Things to see and do in Wickham
- Credit: Archant
Nestling in rolling downland, historic Wickham is one of the Meon Valley’s shining jewels. Alive with festivals, fairs and friendly locals, all roads lead to its famous Square
A Potted History
Wander down Bridge Street and the watery ‘dip hole’ nearby shows not only why the Anglo Saxon settlement of Wykeham - from ‘wic’ meaning ‘creek’ and ‘ham’ meaning ‘home, but later both tanning and brewing was drawn here. However, it’s the legacy of commanding the junction of two major Roman trade routes leading from Winchester and Southampton, that survives, with Wickham’s medieval square (at two acres, the country’s second largest no less) a flourishing focal point.

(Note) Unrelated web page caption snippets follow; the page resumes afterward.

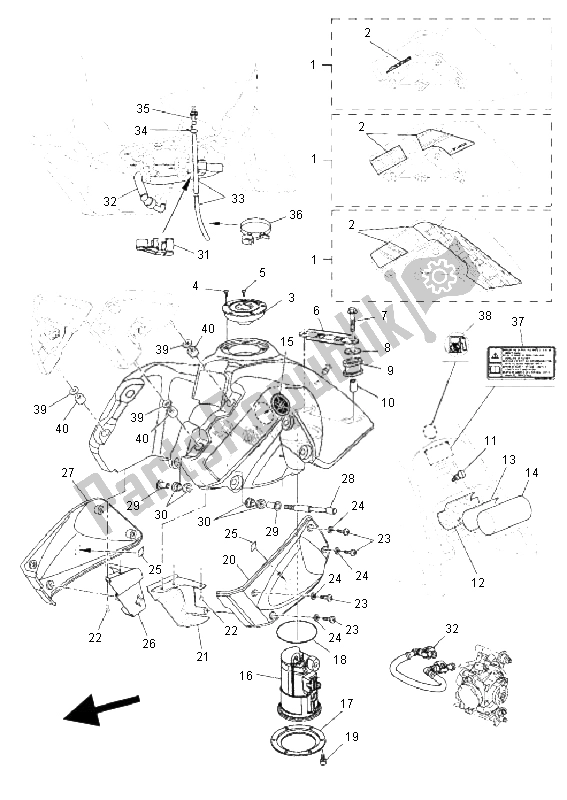 Tutte le parti per il Serbatoio Di Carburante del Yamaha XT 660Z Tenere 2008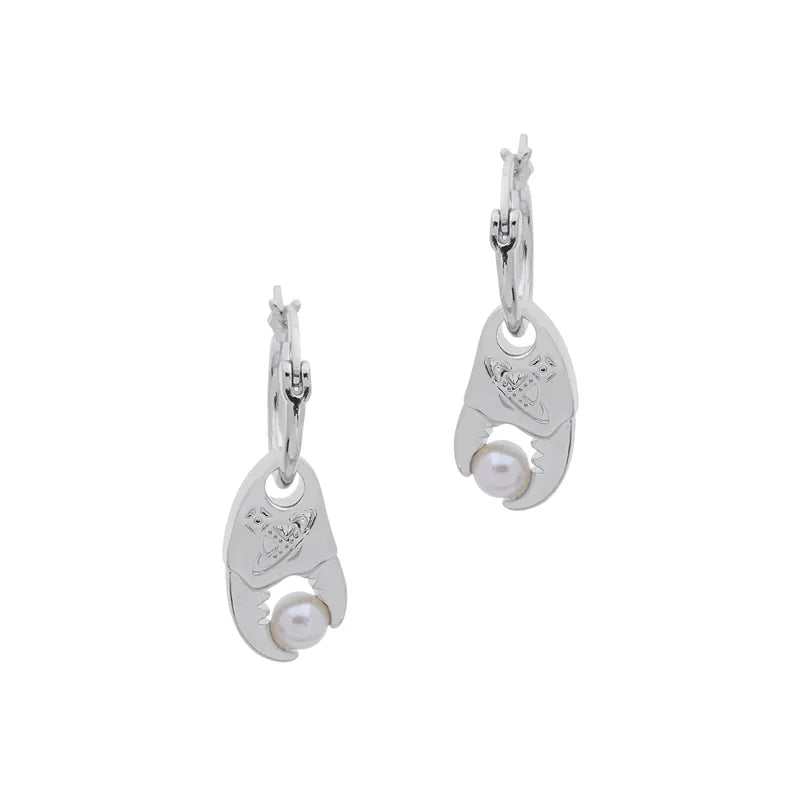 Orb Claw Drop Hoop Earrings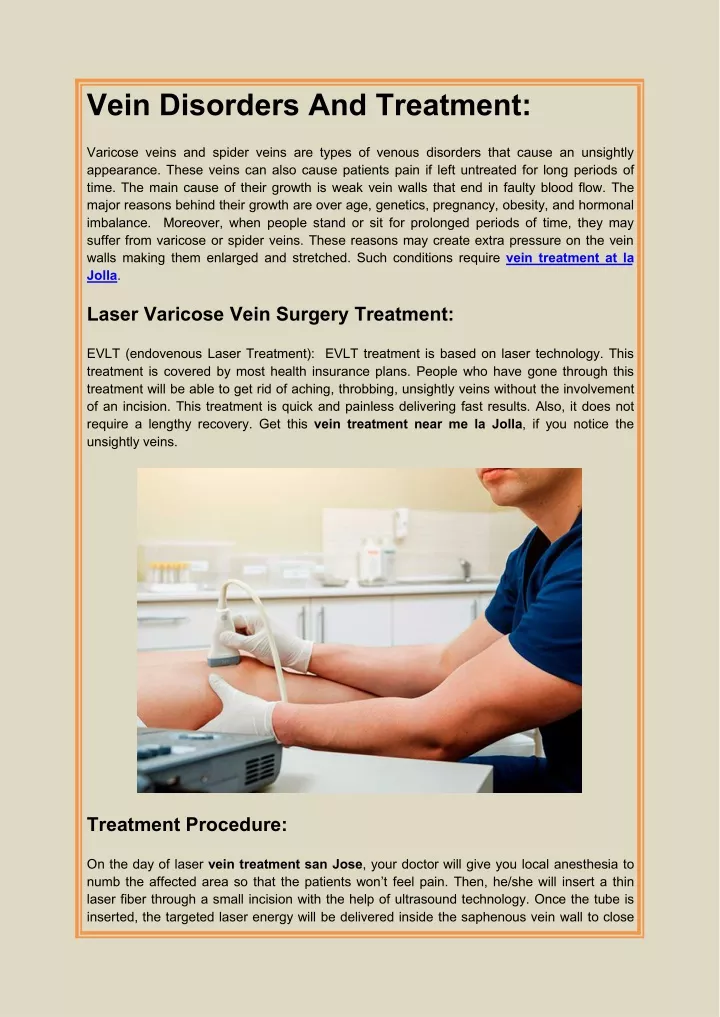 vein disorders and treatment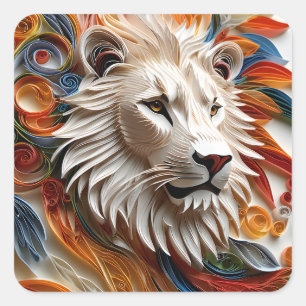 Adesivo Quadrado O filme Papel Cortado Leão é uma história emociona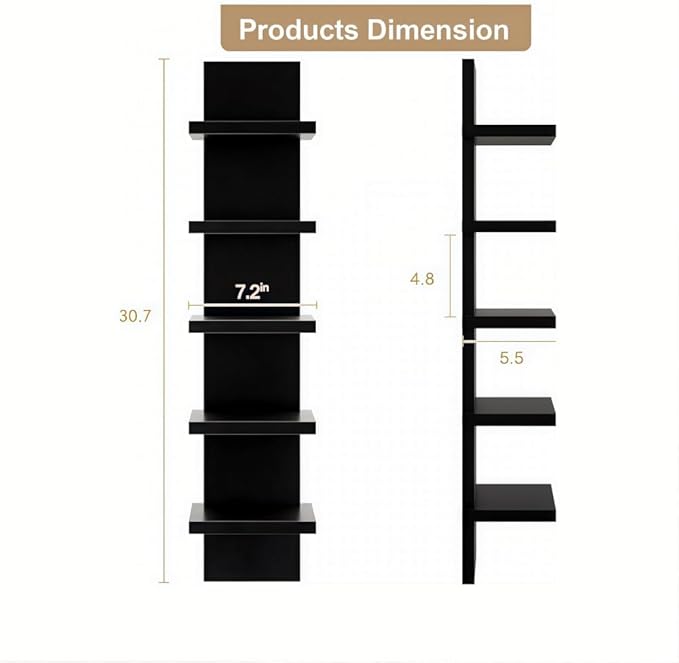 5 Tier White Wall Shelves - Vertical Column Floating Storage Organizer, Tall Tower Design Utility Shelving for Home Decor, Bedroom & Living Room, 30.7" x 31"(Black)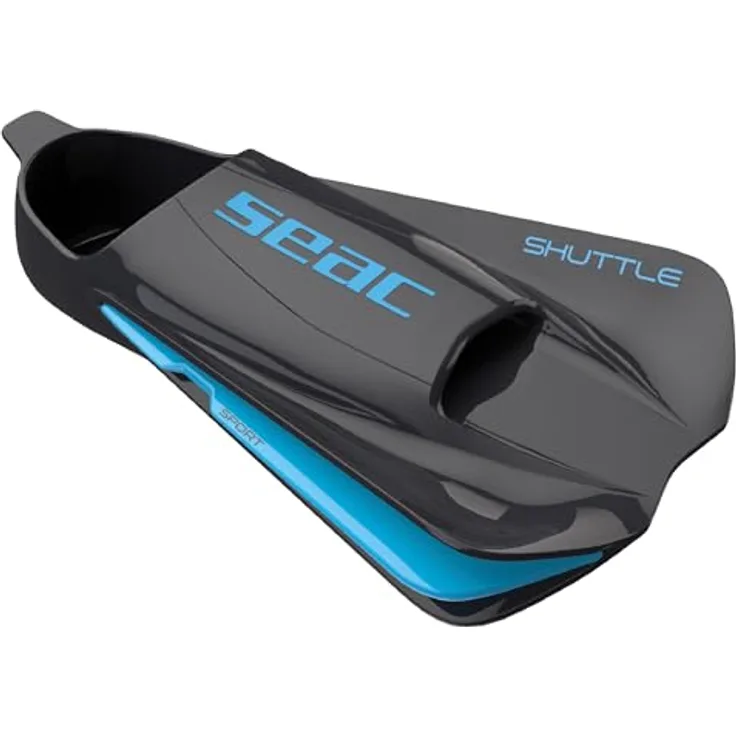 Seac Shuttle Schwimmflossen aus 100 % Silikon, Schwarz/Hellblau Sport, für Cardio und Krafttraining, Unisex-Erwachsene, 38/39
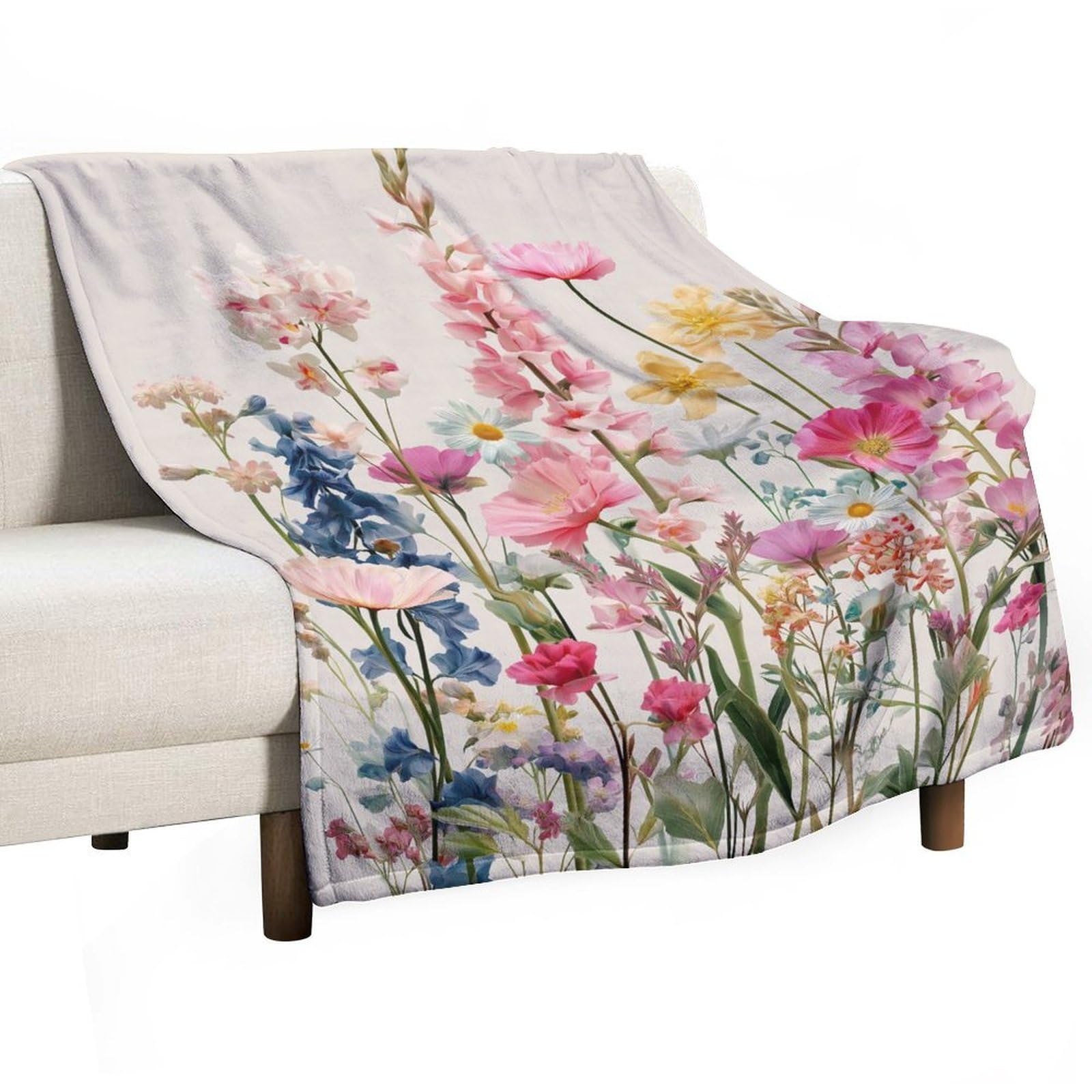 Couverture anti-boulochage moderne plaid floral fleurs sauvages chambre salon lit 130x150cm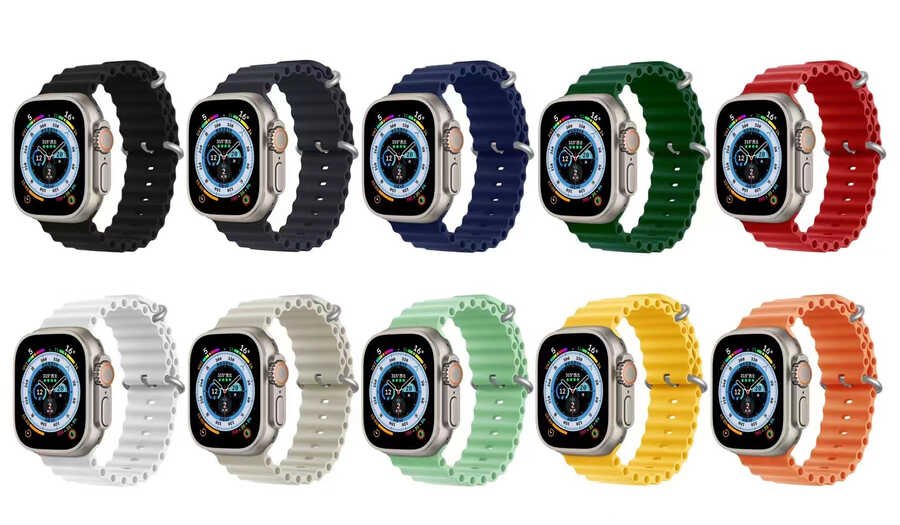 Apple Watch Silikon Kordon 46mm - Metal Tokalı Ocean Kayış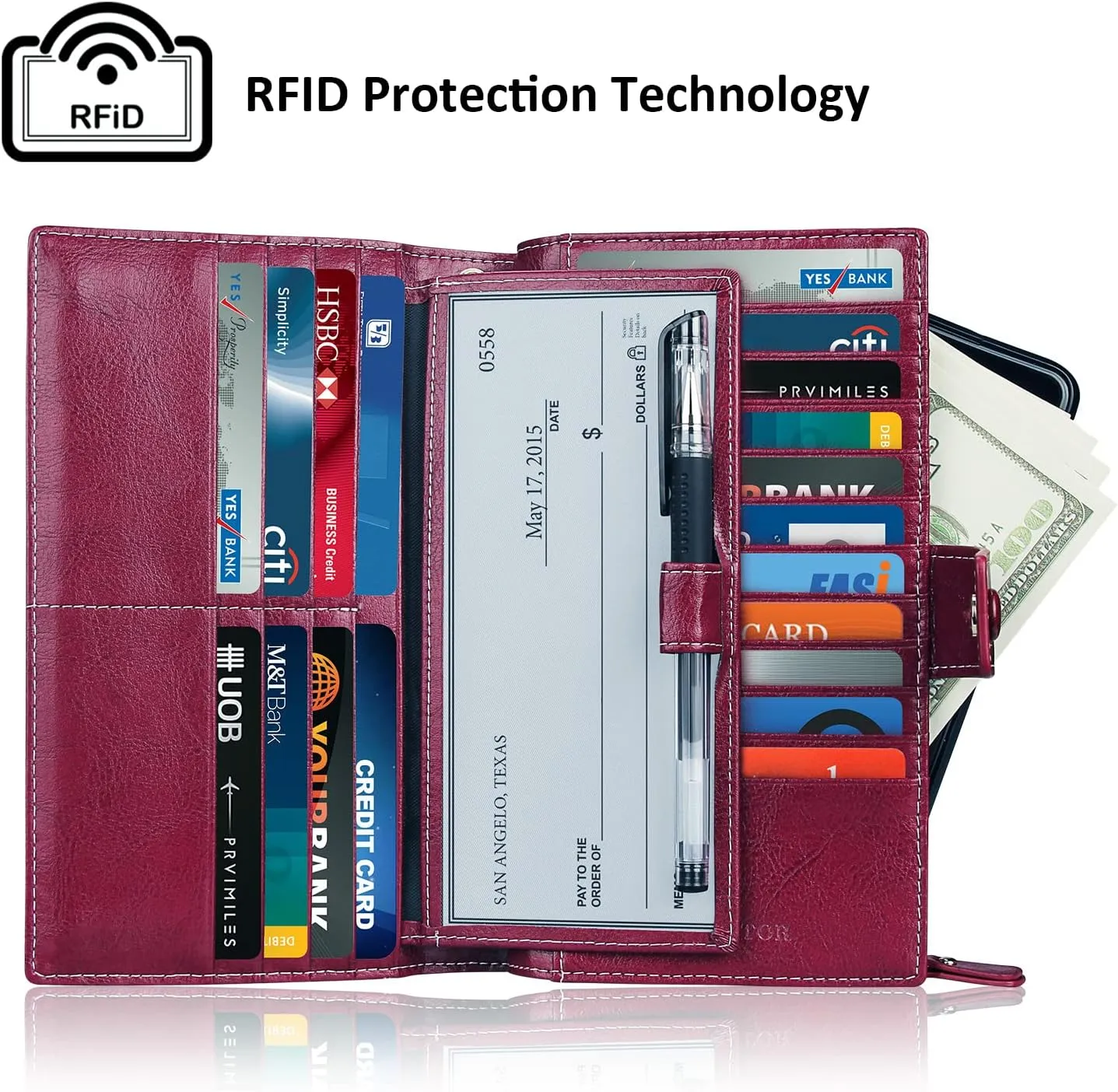 FT FUNTOR Women's Big Fat RFID Blocking Wallet Leather Zip Around Clutch Large Phone Organizer Wristlet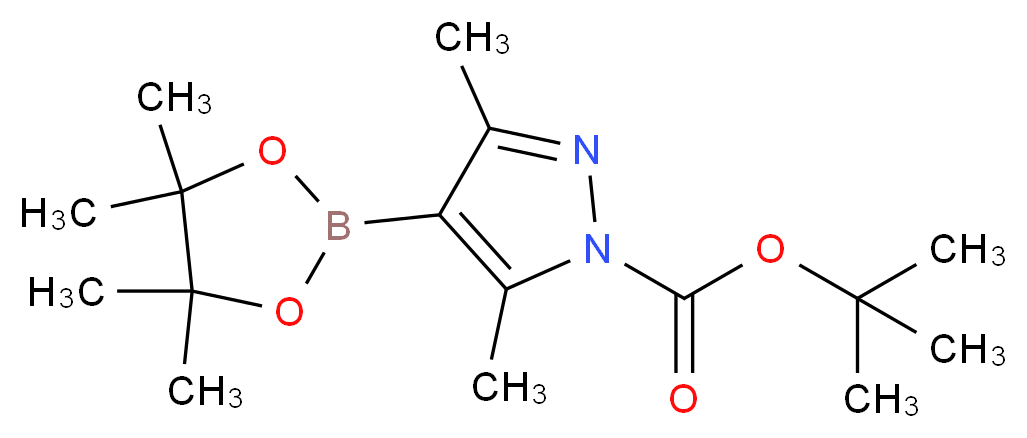 3,5-Dimethyl-1H-pyrazole-4-boronic acid, pinacol ester, N1-BOC protected_分子结构_CAS_1073354-70-7)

The impressive tapestry of buildings from picture postcard 15th century cottages to handsome ‘new’ Georgian villas thankfully overshadow 20th century additions. And permission granted in 1269 to hold public markets including an annual horse fair, has seen seasonal traditions remain intact. Not so the now defunct London to the Isle of Wight railway line that once carried produce from Wickham’s Victorian strawberry beds.
However, 19th century ‘improvements’ to the Norman St Nicholas Church failed to dislodge its ancient layers. Notable for the tomb of Sir William Uvedale, the turncoat Sheriff of Hampshire, he vies for celebrity status with the former Bishop of Winchester William of Wickham (b. 1320), the founder of both Winchester College and New College Oxford.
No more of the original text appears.